This notebook explores the use of retrofitted word vectors. Retrofitting is a process that adjusts pre-trained word vectors (like GloVe) to better align with semantic lexicons, such as WordNet. This encourages words that are synonyms or in the same conceptual set (synset) to have more similar vector representations. The technique is based on the paper by [Faruqui et al. (2015)](https://github.com/mfaruqui/retrofitting).

In [None]:
# Import the necessary function 'glove2word2vec' to convert GloVe format vectors to word2vec format.
from gensim.scripts.glove2word2vec import glove2word2vec
# Import 'KeyedVectors' from gensim, which is the standard class for loading and working with pre-trained word embeddings.
from gensim.models import Word2Vec, KeyedVectors

### Step 1: Process the Original GloVe Vectors

First, we need to convert the original GloVe vectors from their standard text format into a format that the `gensim` library can load efficiently.
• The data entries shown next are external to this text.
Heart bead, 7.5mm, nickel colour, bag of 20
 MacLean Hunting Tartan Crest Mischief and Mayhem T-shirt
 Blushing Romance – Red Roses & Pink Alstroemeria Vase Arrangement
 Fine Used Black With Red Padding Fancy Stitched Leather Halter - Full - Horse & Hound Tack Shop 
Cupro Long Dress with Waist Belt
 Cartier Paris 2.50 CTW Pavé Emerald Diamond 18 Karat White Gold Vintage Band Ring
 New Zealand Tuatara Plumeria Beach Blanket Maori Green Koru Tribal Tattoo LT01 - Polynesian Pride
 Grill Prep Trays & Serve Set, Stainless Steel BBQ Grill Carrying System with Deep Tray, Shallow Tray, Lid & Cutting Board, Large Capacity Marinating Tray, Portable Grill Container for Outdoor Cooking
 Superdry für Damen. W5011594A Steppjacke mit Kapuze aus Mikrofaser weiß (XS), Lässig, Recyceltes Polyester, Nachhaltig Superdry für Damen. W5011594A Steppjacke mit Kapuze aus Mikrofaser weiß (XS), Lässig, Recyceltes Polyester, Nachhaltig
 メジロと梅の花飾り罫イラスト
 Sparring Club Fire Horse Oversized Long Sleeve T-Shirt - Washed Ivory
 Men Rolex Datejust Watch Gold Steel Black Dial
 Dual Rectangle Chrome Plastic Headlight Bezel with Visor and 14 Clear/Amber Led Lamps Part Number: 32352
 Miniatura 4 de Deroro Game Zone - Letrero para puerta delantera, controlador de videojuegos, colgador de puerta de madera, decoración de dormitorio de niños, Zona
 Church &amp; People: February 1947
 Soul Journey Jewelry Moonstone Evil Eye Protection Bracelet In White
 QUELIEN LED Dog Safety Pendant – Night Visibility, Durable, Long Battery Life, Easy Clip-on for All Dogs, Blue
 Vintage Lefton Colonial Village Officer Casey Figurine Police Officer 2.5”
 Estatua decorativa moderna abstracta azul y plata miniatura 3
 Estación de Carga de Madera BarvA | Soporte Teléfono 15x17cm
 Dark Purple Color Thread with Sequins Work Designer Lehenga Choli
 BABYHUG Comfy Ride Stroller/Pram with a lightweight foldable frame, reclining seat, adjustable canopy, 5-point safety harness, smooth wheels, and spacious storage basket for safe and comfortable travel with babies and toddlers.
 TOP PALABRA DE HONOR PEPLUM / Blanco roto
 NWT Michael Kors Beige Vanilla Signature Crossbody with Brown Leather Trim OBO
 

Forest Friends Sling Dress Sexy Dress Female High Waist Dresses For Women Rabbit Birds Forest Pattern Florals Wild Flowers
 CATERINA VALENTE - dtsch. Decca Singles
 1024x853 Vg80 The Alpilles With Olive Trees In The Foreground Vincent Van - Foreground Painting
We'll use the `glove2word2vec` utility for this.

In [None]:
# Define a string variable for the path to the original GloVe vector file.
glove_file="../data/glove.42B.300d.50K.txt"
# Define a string variable for the path where the converted word2vec format file will be saved.
original_file="../data/glove.42B.300d.50K.w2v.txt"
# Call the conversion function. It reads the GloVe file and writes the new word2vec format file.
# The return value is not needed, so it's assigned to '_' by convention.
_ = glove2word2vec(glove_file, original_file)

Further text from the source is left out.